Canadian Renderers Battle Trials and Tribulations

By Tina Caparella


Renderers in Canada continue to face challenges with export markets, grease theft, and the temporary closure of a major meat processor. To find possible solutions to these issues, members of the Canadian Renderers Association (CRA) met while also attending the National Renderers Association convention in Laguna Niguel, CA, in late October.

First on the agenda was exports of Canadian tallow to China, a market that has “technically” been open since this past summer but so far no product has been shipped due to a box on the importation certificate that requires a Chinese import permit number. Because China does not issue import permits, no tallow has been shipped. According to renderers, the Chinese government’s concern is there is no control over the tallow once it arrives.

Graham Clarke, government liaison for CRA, reported that Indonesia and the Philippines are currently the only export markets for Canadian meat and bone meal, which is helping to fulfill Indonesia’s needs after it banned meat and bone meal from the United States following the discovery of bovine spongiform encephalopathy in California in April. Bangladesh is now being examined as a potential third market for Canadian meat and bone meal.

Switching the conversation to biofuels was Alan Rickard, Rothsay, who explained that under European Union regulations, yellow grease is labeled a rendered product while used cooking oil is a waste material, allowing used cooking oil to be exported to Europe for biodiesel but not yellow grease. On a related note, grease theft took up a good amount of discussion, where it was noted that CRA has written talking points aimed at restaurants and provided them to the Canadian Restaurant Association who has agreed to distribute to its members.

Todd Moser, Rothsay, shared that his company has been successful in apprehending grease thieves. In one case, a truck driver was caught siphoning grease from a container that did not belong to him. Police were called who took the crime seriously and confiscated the truck. It was later learned that the truck had been released the previous day from impound for another theft. Moser stated the thefts are very sophisticated by organized operations. Clarke proclaimed that better containers is a “moot issue,” while Barry Glotman, West Coast Reduction, mentioned that in the scrap metal industry, the collection center tracks who they are purchasing scrap metal from, something the rendering industry should consider.

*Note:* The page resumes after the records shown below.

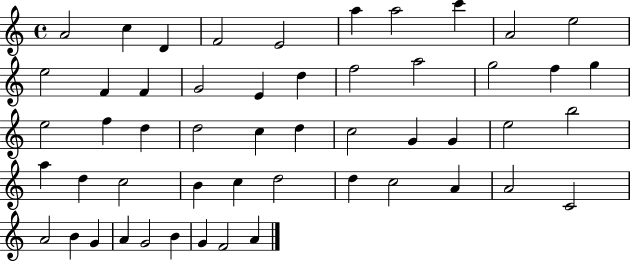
X:1
T:Untitled
M:4/4
L:1/4
K:C
A2 c D F2 E2 a a2 c' A2 e2 e2 F F G2 E d f2 a2 g2 f g e2 f d d2 c d c2 G G e2 b2 a d c2 B c d2 d c2 A A2 C2 A2 B G A G2 B G F2 A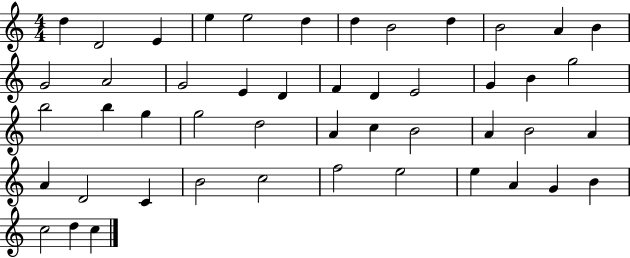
D5/q D4/h E4/q E5/q E5/h D5/q D5/q B4/h D5/q B4/h A4/q B4/q G4/h A4/h G4/h E4/q D4/q F4/q D4/q E4/h G4/q B4/q G5/h B5/h B5/q G5/q G5/h D5/h A4/q C5/q B4/h A4/q B4/h A4/q A4/q D4/h C4/q B4/h C5/h F5/h E5/h E5/q A4/q G4/q B4/q C5/h D5/q C5/q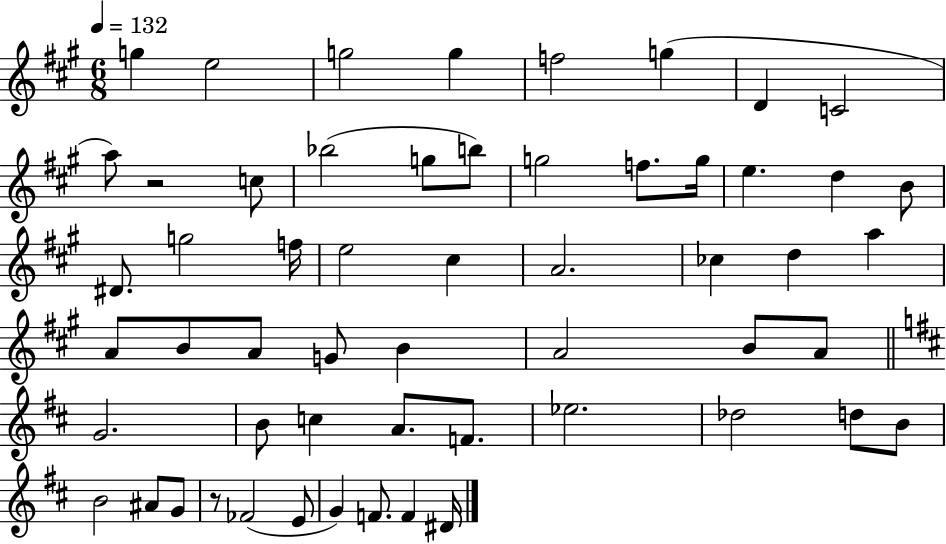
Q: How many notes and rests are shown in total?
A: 56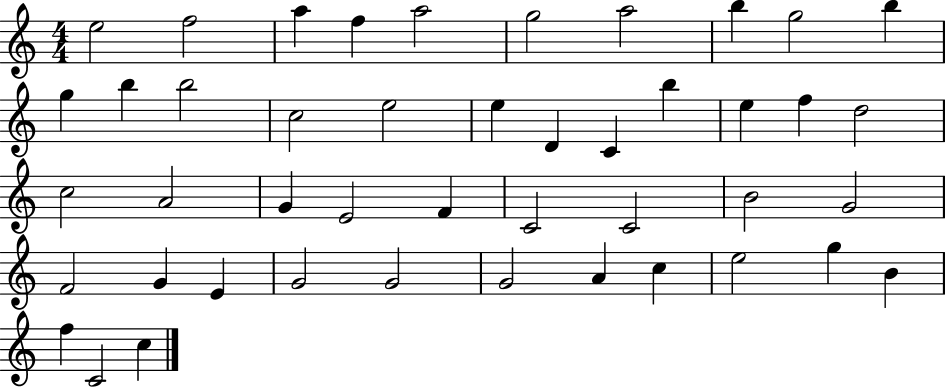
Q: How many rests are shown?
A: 0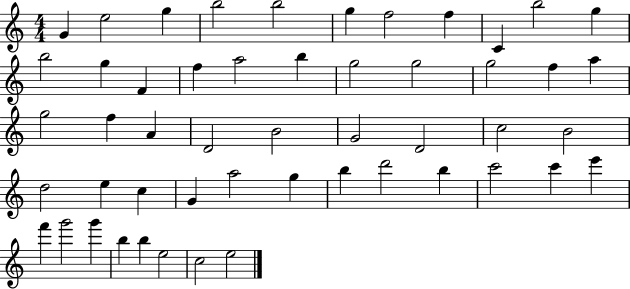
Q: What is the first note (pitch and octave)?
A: G4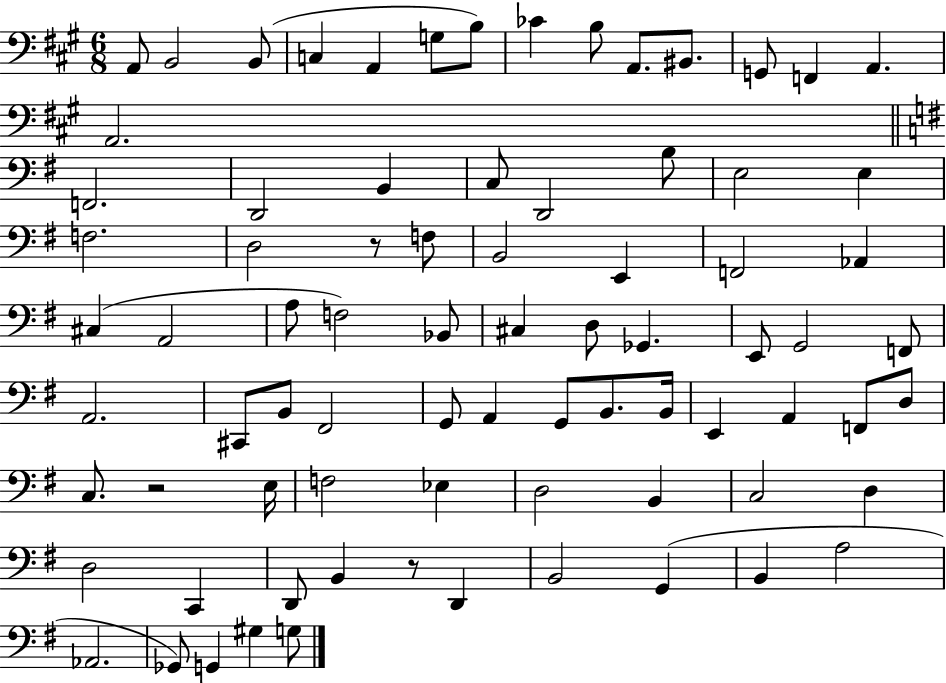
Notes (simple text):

A2/e B2/h B2/e C3/q A2/q G3/e B3/e CES4/q B3/e A2/e. BIS2/e. G2/e F2/q A2/q. A2/h. F2/h. D2/h B2/q C3/e D2/h B3/e E3/h E3/q F3/h. D3/h R/e F3/e B2/h E2/q F2/h Ab2/q C#3/q A2/h A3/e F3/h Bb2/e C#3/q D3/e Gb2/q. E2/e G2/h F2/e A2/h. C#2/e B2/e F#2/h G2/e A2/q G2/e B2/e. B2/s E2/q A2/q F2/e D3/e C3/e. R/h E3/s F3/h Eb3/q D3/h B2/q C3/h D3/q D3/h C2/q D2/e B2/q R/e D2/q B2/h G2/q B2/q A3/h Ab2/h. Gb2/e G2/q G#3/q G3/e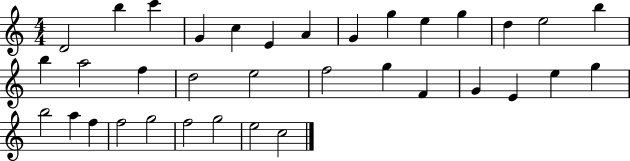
{
  \clef treble
  \numericTimeSignature
  \time 4/4
  \key c \major
  d'2 b''4 c'''4 | g'4 c''4 e'4 a'4 | g'4 g''4 e''4 g''4 | d''4 e''2 b''4 | \break b''4 a''2 f''4 | d''2 e''2 | f''2 g''4 f'4 | g'4 e'4 e''4 g''4 | \break b''2 a''4 f''4 | f''2 g''2 | f''2 g''2 | e''2 c''2 | \break \bar "|."
}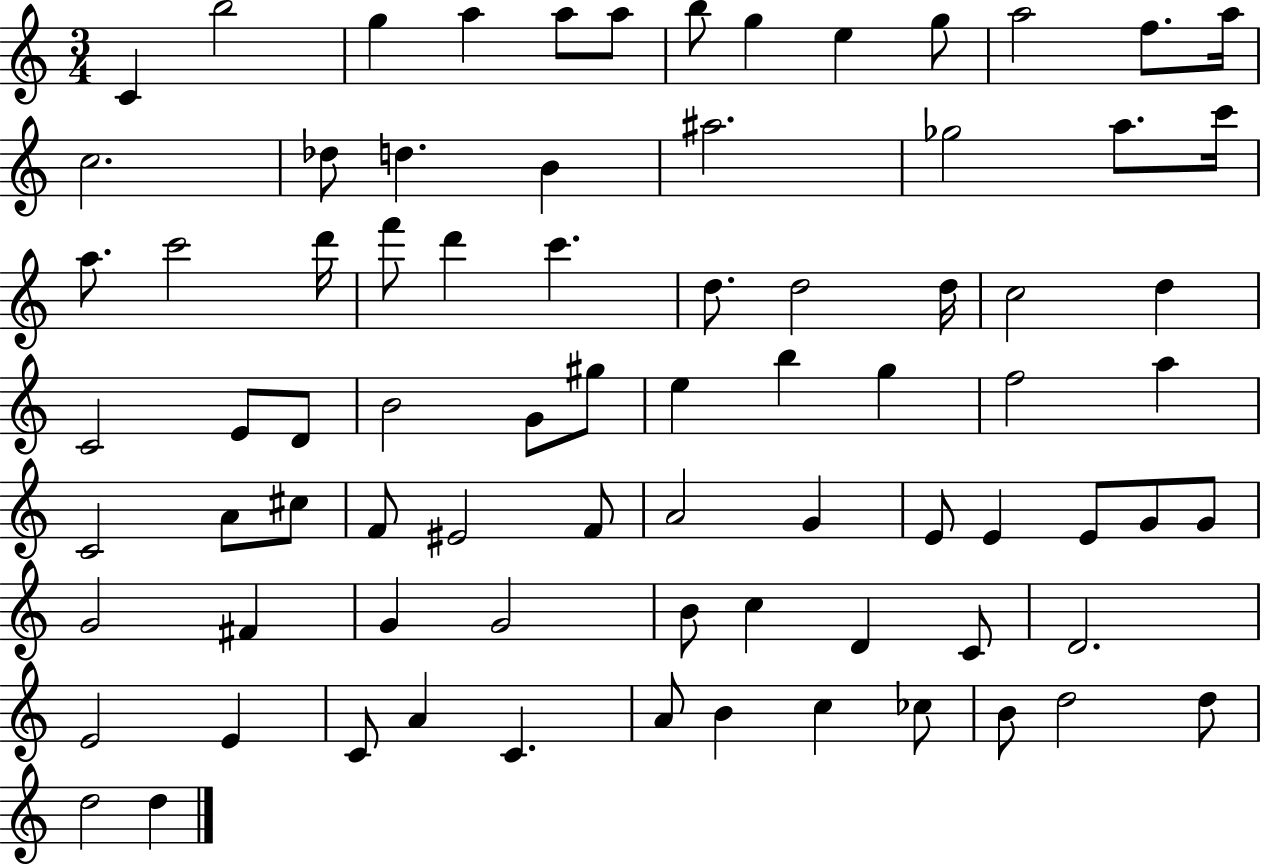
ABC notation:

X:1
T:Untitled
M:3/4
L:1/4
K:C
C b2 g a a/2 a/2 b/2 g e g/2 a2 f/2 a/4 c2 _d/2 d B ^a2 _g2 a/2 c'/4 a/2 c'2 d'/4 f'/2 d' c' d/2 d2 d/4 c2 d C2 E/2 D/2 B2 G/2 ^g/2 e b g f2 a C2 A/2 ^c/2 F/2 ^E2 F/2 A2 G E/2 E E/2 G/2 G/2 G2 ^F G G2 B/2 c D C/2 D2 E2 E C/2 A C A/2 B c _c/2 B/2 d2 d/2 d2 d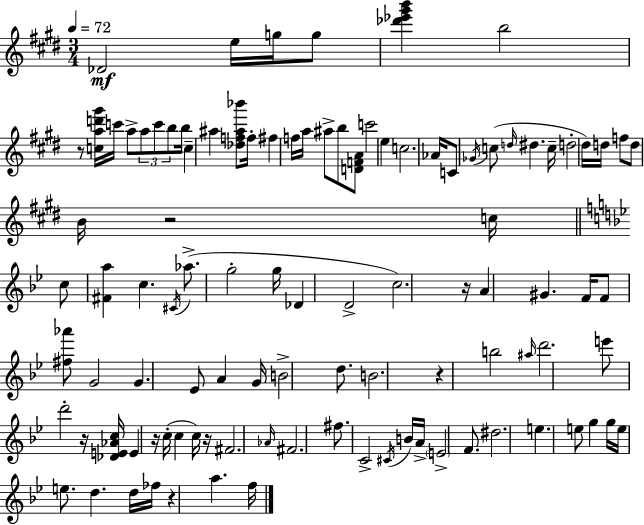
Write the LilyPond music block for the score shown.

{
  \clef treble
  \numericTimeSignature
  \time 3/4
  \key e \major
  \tempo 4 = 72
  des'2\mf e''16 g''16 g''8 | <des''' ees''' gis''' b'''>4 b''2 | r8 <c'' a'' d''' gis'''>16 c'''16 a''8-> \tuplet 3/2 { a''8 c'''8 b''8 } | b''16 c''4-- ais''4 <des'' f'' ais'' bes'''>8 f''16-. | \break fis''4 f''16 a''16 ais''8-> b''8 <d' f' a'>8 | c'''2 e''4 | c''2. | aes'16 c'8 \acciaccatura { ges'16 } c''8( \grace { d''16 } dis''4. | \break c''16-- d''2-. dis''16) d''16 | f''8 d''8 b'16 r2 | c''16 \bar "||" \break \key g \minor c''8 <fis' a''>4 c''4. | \acciaccatura { cis'16 } aes''8.->( g''2-. | g''16 des'4 d'2-> | c''2.) | \break r16 a'4 gis'4. | f'16 f'8 <fis'' aes'''>8 g'2 | g'4. ees'8 a'4 | g'16 b'2-> d''8. | \break b'2. | r4 b''2 | \grace { ais''16 } d'''2. | e'''8 d'''2-. | \break r16 <des' e' aes' c''>16 e'4 r16 c''16-.( c''4 | c''16) r16 fis'2. | \grace { aes'16 } fis'2. | fis''8. c'2-> | \break \acciaccatura { cis'16 } b'16 a'16-> \parenthesize e'2-> | f'8. dis''2. | e''4. e''8 | g''4 g''16 e''16 e''8. d''4. | \break d''16 fes''16 r4 a''4. | f''16 \bar "|."
}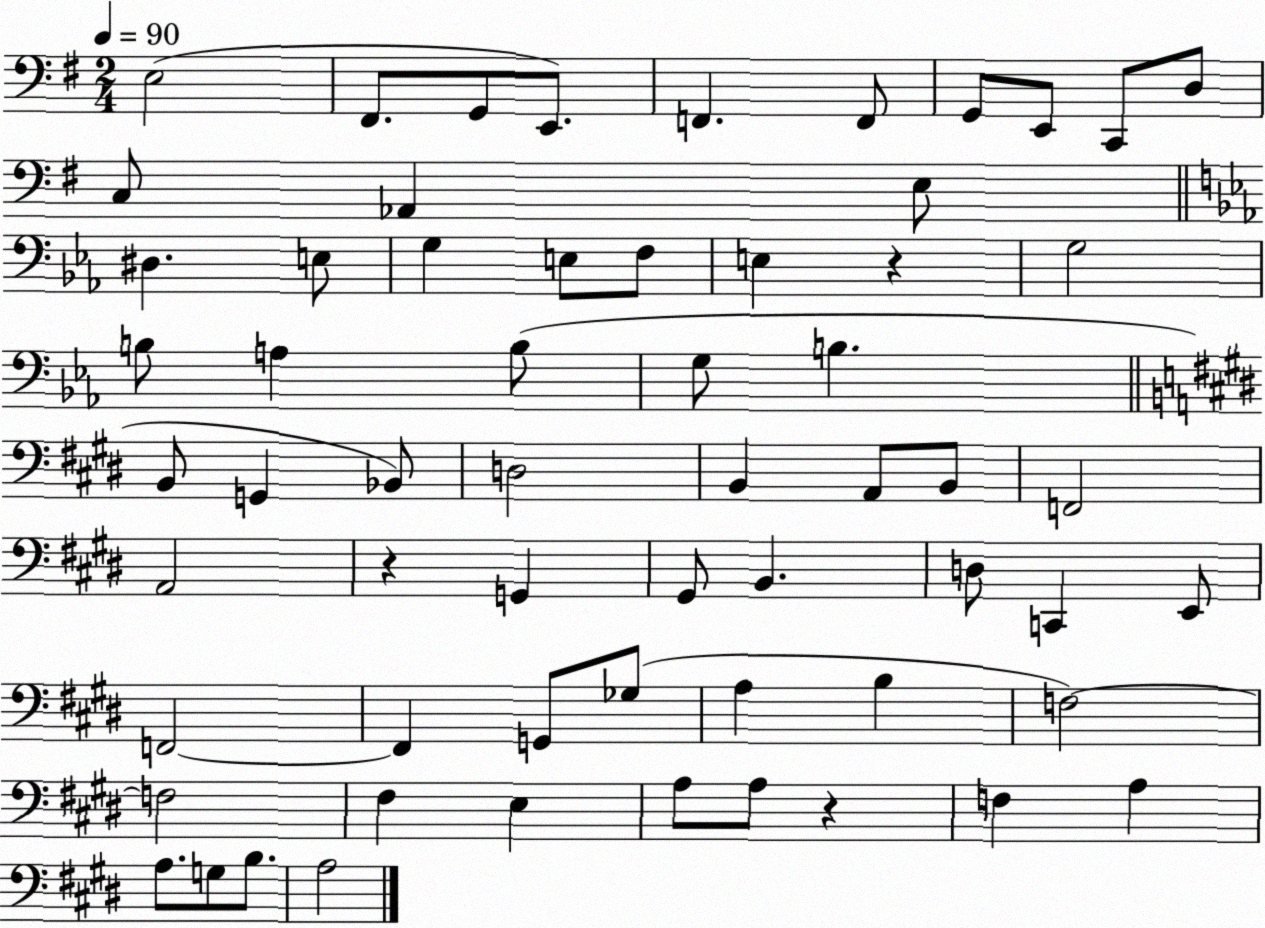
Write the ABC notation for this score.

X:1
T:Untitled
M:2/4
L:1/4
K:G
E,2 ^F,,/2 G,,/2 E,,/2 F,, F,,/2 G,,/2 E,,/2 C,,/2 D,/2 C,/2 _A,, E,/2 ^D, E,/2 G, E,/2 F,/2 E, z G,2 B,/2 A, B,/2 G,/2 B, B,,/2 G,, _B,,/2 D,2 B,, A,,/2 B,,/2 F,,2 A,,2 z G,, ^G,,/2 B,, D,/2 C,, E,,/2 F,,2 F,, G,,/2 _G,/2 A, B, F,2 F,2 ^F, E, A,/2 A,/2 z F, A, A,/2 G,/2 B,/2 A,2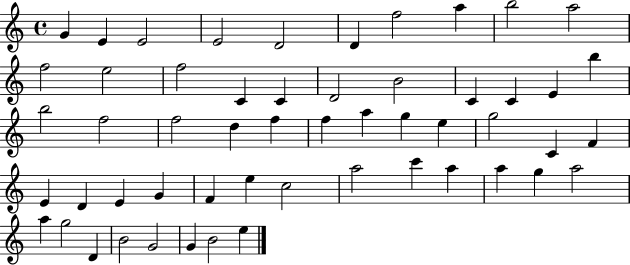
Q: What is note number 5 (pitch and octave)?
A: D4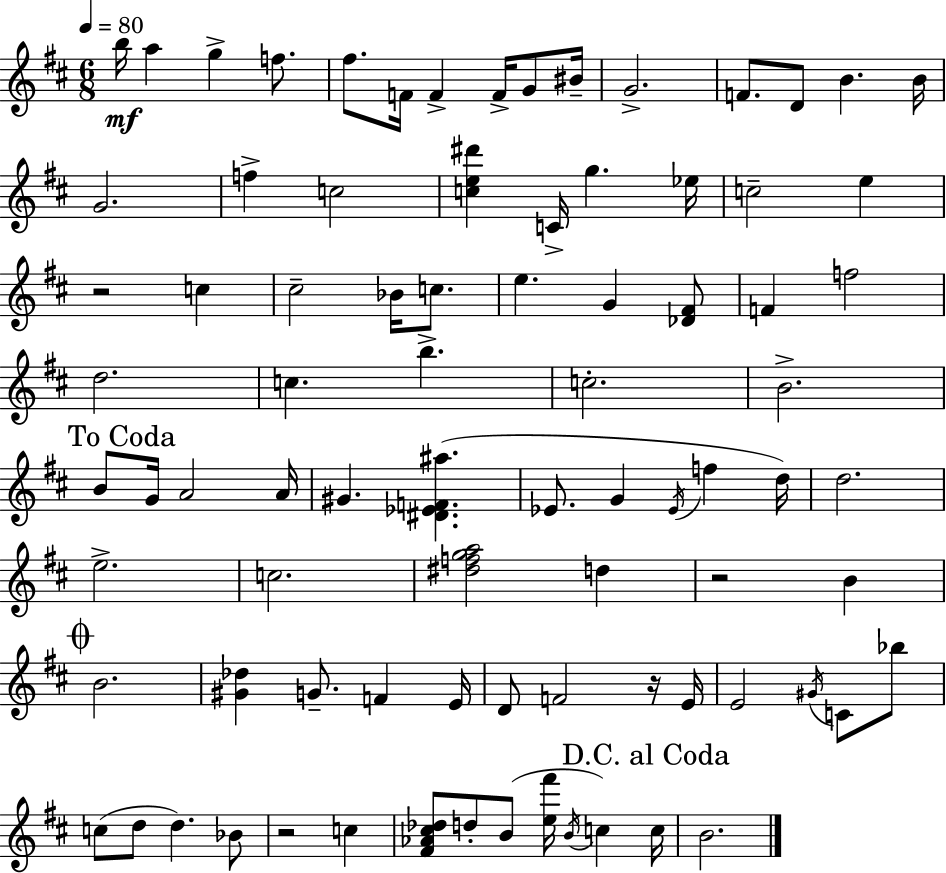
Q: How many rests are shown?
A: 4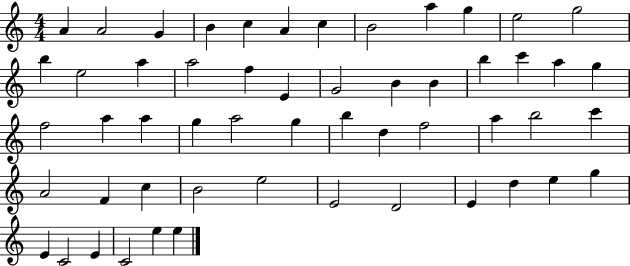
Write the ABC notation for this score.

X:1
T:Untitled
M:4/4
L:1/4
K:C
A A2 G B c A c B2 a g e2 g2 b e2 a a2 f E G2 B B b c' a g f2 a a g a2 g b d f2 a b2 c' A2 F c B2 e2 E2 D2 E d e g E C2 E C2 e e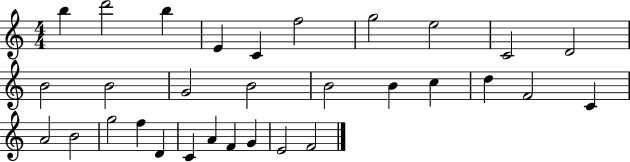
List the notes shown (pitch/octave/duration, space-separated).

B5/q D6/h B5/q E4/q C4/q F5/h G5/h E5/h C4/h D4/h B4/h B4/h G4/h B4/h B4/h B4/q C5/q D5/q F4/h C4/q A4/h B4/h G5/h F5/q D4/q C4/q A4/q F4/q G4/q E4/h F4/h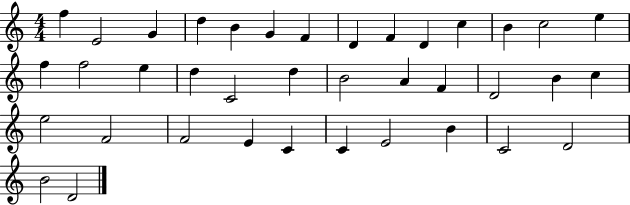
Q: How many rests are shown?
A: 0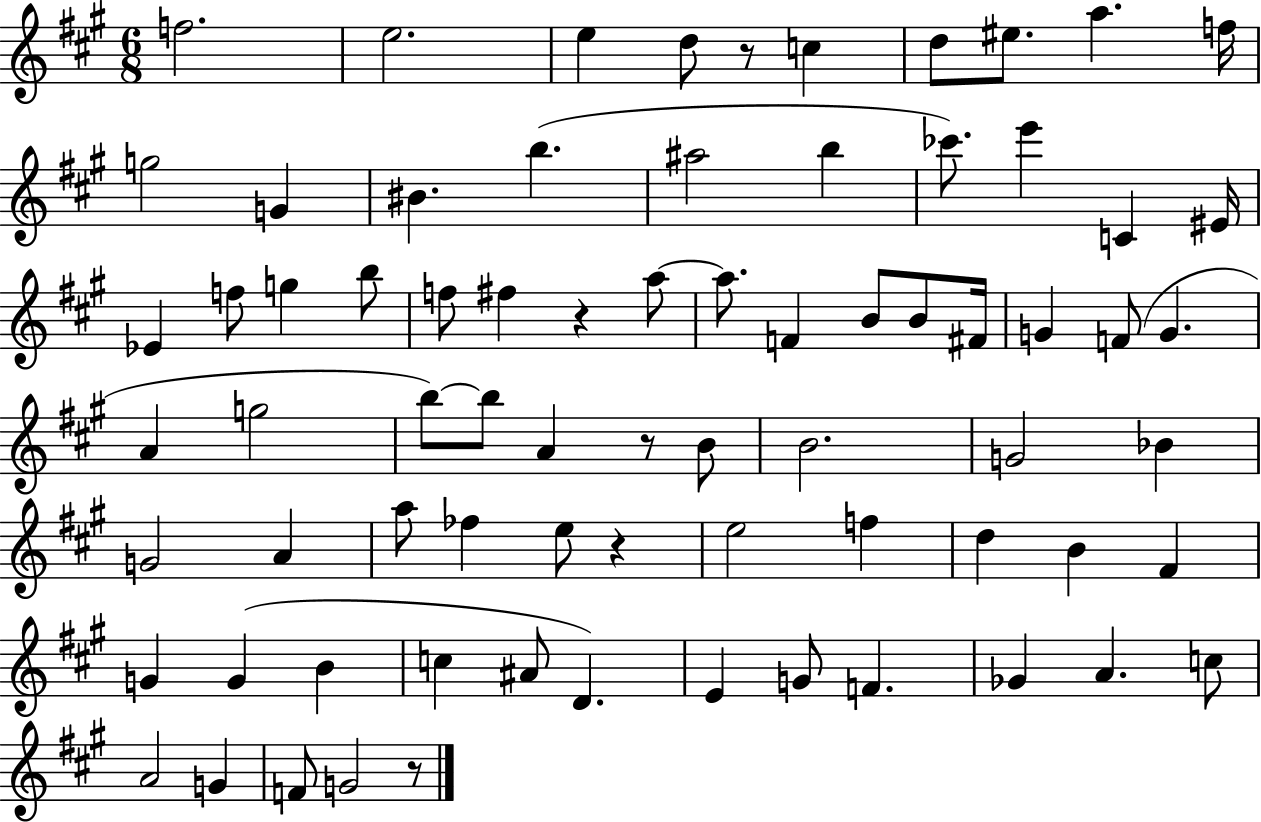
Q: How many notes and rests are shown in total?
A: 74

Clarke lastly addressed the large meat recall by XL Foods due to a small number of E. Coli cases, resulting in the processor shutting down its Alberta plant and subsequently being managed by JBS USA. He remarked there is a lack of transparency in the Canadian government and that it’s frustrating for the industry. He gave an example of a public press conference held about the recall by the Canadian Food Inspection Agency (CFIA) prior to contacting the meat industry, which resulted in cattlemen receiving media calls about an incident they knew nothing about. CRA members decided renderers need to be more proactive with CFIA and will organize a meeting with them in Ottawa, ON, Canada.